From mboxrd@z Thu Jan  1 00:00:00 1970
From: Ingo Molnar <mingo@elte.hu>
Subject: Re: [patch 1/4] - Potential performance bottleneck for Linxu TCP
Date: Thu, 30 Nov 2006 07:17:58 +0100
Message-ID: <20061130061758.GA2003@elte.hu>
References: <2f14bf623344.456de60a@fnal.gov> <20061129.181950.31643130.davem@davemloft.net>
Mime-Version: 1.0
Content-Type: text/plain; charset=us-ascii
Cc: wenji@fnal.gov, akpm@osdl.org, netdev@vger.kernel.org,
	linux-kernel@vger.kernel.org
Return-path: <linux-kernel-owner+glk-linux-kernel-3=40m.gmane.org-S1757092AbWK3GTo@vger.kernel.org>
To: David Miller <davem@davemloft.net>
Content-Disposition: inline
In-Reply-To: <20061129.181950.31643130.davem@davemloft.net>
Sender: linux-kernel-owner@vger.kernel.org
List-Id: netdev.vger.kernel.org


* David Miller <davem@davemloft.net> wrote:

> We can make explicitl preemption checks in the main loop of 
> tcp_recvmsg(), and release the socket and run the backlog if 
> need_resched() is TRUE.
> 
> This is the simplest and most elegant solution to this problem.

yeah, i like this one.
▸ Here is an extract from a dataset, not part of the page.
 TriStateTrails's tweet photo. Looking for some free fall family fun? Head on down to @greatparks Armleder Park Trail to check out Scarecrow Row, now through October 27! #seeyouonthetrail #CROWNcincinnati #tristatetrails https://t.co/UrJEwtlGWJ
If the problem is "too long locked section", then
the most natural solution is to "break up the lock", not to "boost the 
priority of the lock-holding task" (which is what the proposed patch 
does).

[ Also note that "sprinkle the code with preempt_disable()" kind of
  solutions, besides hurting interactivity, are also a pain to resolve 
  in something like PREEMPT_RT. (unlike say a spinlock, 
  preempt_disable() is quite opaque in what data structure it protects, 
  etc., making it hard to convert it to a preemptible primitive) ]
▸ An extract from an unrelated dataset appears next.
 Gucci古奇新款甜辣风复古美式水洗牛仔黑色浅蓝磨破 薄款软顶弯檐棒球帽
> The one suggested in your patch and paper are way overkill, there is 
> no reason to solve a TCP specific problem inside of the generic 
> scheduler.

agreed.

What we could also add is a /reverse/ mechanism to the scheduler: a task 
could query whether it has just a small amount of time left in its 
timeslice, and could in that case voluntarily drop its current lock and 
yield, and thus give up its current timeslice and wait for a new, full 
timeslice, instead of being forcibly preempted due to lack of timeslices 
with a possibly critical lock still held.

But the suggested solution here, to "prolong the running of this task 
just a little bit longer" only starts a perpetual arms race between 
users of such a facility and other kernel subsystems. (besides not being 
adequate anyway, there can always be /so/ long lock-hold times that the 
scheduler would have no other option but to preempt the task)

	Ingo